By Nikki Suzani
SACRAMENTO – Judge Tami Bogert decided that a hot car hood was sufficient evidence to bring stolen car-related and identify theft charges to trial here in Sacramento County Superior Court last week, even though defendant Ruben Gomez was never seen driving the car.
In December of last year, Officer Mitchell Williams was patrolling a Walgreens parking lot when, after running the plate of a Honda Prelude, he found that the license plate was registered to a Mitsubishi, not the Honda.
Suspicious, he walked on foot to the vehicle and found that the ignition was damaged, with exposed wires, and that the vehicle had been reported stolen in Arizona. And, after checking to see that the hood was hot—which he believed meant the driver was nearby—he called in additional back-up to patrol the area.
At this point, Gomez exited the Walgreens, stood outside, and then re-entered the store. He came back out minutes later with his wife. As soon as he sat in the driver’s seat of the car, Williams and the other officer on site arrested him for theft and, after searching his pockets and finding a bank and EBT card not registered to Gomez, added a charge for identity theft.
At the preliminary hearing, legal intern Rawan Abuelrich, supervised by Deputy District Attorney Tate Davis, attempted to prove that there was sufficient evidence to bring the three charges to a jury trial: Penal Code section 10851, driving a vehicle without the owner’s consent; Penal Code section 496(d)(a), receiving a stolen vehicle; and Penal Code section 530.5(c)(1), identity theft.
She started by interviewing Williams who, along with the facts stated above, mentioned that the officer on site had observed damage to the glove box and ignition area as well, and had located the original license plate of the vehicle in the back. He added that when Gomez was arrested, Gomez had protested, saying that he had bought the vehicle from a man named Craig in a nearby Walmart parking lot.
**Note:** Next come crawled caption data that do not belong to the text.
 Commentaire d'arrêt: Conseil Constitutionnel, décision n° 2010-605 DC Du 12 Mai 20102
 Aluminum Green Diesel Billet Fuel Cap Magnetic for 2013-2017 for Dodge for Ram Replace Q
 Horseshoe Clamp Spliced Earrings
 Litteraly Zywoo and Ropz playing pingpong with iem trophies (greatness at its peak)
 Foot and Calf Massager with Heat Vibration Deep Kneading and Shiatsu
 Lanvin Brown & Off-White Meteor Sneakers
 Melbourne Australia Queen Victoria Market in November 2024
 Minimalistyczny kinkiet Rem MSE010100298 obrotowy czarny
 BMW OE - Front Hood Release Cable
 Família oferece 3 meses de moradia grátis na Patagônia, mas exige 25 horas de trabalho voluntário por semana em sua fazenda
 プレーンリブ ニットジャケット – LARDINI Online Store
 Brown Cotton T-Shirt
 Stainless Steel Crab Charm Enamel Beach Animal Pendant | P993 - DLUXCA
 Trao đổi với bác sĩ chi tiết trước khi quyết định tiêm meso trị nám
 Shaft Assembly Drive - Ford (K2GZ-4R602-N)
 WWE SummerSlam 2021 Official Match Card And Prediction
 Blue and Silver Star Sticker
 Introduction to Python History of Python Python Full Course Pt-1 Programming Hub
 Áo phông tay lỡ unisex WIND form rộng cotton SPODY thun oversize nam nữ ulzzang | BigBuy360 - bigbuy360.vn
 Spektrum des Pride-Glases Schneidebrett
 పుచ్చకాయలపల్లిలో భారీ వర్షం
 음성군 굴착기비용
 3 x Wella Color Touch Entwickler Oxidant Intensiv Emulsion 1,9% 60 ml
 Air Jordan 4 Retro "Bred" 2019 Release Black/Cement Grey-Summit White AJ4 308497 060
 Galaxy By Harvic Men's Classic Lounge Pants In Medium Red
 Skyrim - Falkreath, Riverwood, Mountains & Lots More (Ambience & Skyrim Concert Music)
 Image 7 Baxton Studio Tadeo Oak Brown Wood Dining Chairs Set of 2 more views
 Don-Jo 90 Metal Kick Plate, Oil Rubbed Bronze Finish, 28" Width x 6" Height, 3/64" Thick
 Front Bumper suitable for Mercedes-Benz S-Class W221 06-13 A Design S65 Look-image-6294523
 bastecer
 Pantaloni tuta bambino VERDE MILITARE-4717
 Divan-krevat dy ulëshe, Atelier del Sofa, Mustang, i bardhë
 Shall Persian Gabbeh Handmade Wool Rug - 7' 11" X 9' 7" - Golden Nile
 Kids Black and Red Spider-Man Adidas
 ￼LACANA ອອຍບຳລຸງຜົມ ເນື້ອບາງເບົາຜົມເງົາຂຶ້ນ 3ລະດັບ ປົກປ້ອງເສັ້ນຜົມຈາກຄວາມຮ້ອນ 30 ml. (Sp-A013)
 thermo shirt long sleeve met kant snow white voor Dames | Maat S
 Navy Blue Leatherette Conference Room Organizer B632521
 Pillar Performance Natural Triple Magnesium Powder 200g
During the first cross-examination period, Assistant Public Defender Eliza Hook attempted to hammer in three key points: that there was no proof Gomez had driven the vehicle, that there was no proof Gomez had originally stolen the vehicle, and there was no evidence Gomez had actually used the bank or EBT card to commit identity theft.
Williams testified that it was true that he had never observed Gomez driving, and that Gomez had been with his significant other, Jacqueline Gomez, at the time. He added that he had not gone to the Walmart to verify whether this “Craig” had stolen the car himself and sold it to Gomez, but stated that the plate in the back seat meant that it was likely Gomez had been the one to steal it.
Finally, the officer testified that he had not asked any workers in the Walgreens whether Gomez had used either the bank or EBT card, meaning there was no evidence the identity theft had actually occurred.
During re-direct, Abuelrich questioned Williams about why he believed the car had to have been driven. He stated that the hood of the car was hot, something that only happens when a car has been driven recently, and that Ms. Gomez, Ruben’s wife, had been hysterical during the arrest and had told police she didn’t know where the car was from, meaning that it was unlikely she had driven it.
Finally, she asked Williams whether the EBT card belonged to Gomez and Williams clarified that it was registered to a man of the last name of Coleman, but added that he had not contacted Coleman to see whether the card had been used.
Hook then re-directed again, getting Williams to clarify that all Ms. Gomez had said was that she didn’t know the vehicle was stolen, not that she didn’t know where it came from, meaning it was still possible for Gomez to have bought it in the Walmart parking lot. She also got Williams to admit again that he didn’t know whether the bank or EBT card had been used, that none of the officers had seen Gomez actually drive the car, and that there was no evidence at the scene of the actual crime that pointed to Gomez being the one to steal the car—as Williams had not investigated the scene where the car was stolen from.
Before the judge made the decision, Hook summarized her main point, explaining that Count 1, the violation of PC section 10851, should not be taken to trial. She made it clear that no law enforcement officer or witness had actually seen Gomez driving the car, and that since Ms. Gomez was with him there was no reason to believe that the hood being hot meant that Gomez had been the driver.
Hook did not contest the identity theft charge at this point of the preliminary hearing, even though she had elicited testimony from Williams that he did not know whether the cards had been used. Hook also did not contest whether Gomez had specifically been the person to steal the car, even though Williams had not checked the Walmart parking lot to see if this other man “Craig” was the real suspect.
At this point, Abuelrich pointed out that even if the car had been bought in a Walmart parking lot, the fact that it ended up at Walgreens means that it must have been driven, at the very least. She again added that the hood being hot was another indication of this.
Finally, in response to the idea that Ms. Gomez had been the one driving the car, she pointed out that, although the car had not yet been put in drive, Gomez had been in the driver’s seat when the law enforcement officials arrested him, meaning it was far more likely that he was the driver.
In the ruling, Bogert said that the evidence presented was sufficient for the purpose of the hearing, which she clarified had a pretty low evidentiary burden, and pointed out that logical inferences could be drawn that Gomez had driven the car.
This, she said, was supplemented by the hood being hot and the fact that Gomez was found in the driver’s seat of the car. She did not address the identity theft claims or the claims that there was no proof Gomez had stolen the car himself, as Hook did not bring that up in her final motion.
The jury trial for Gomez’s case has been set for Oct. 29, at 8:45 a.m. in Dept. 9.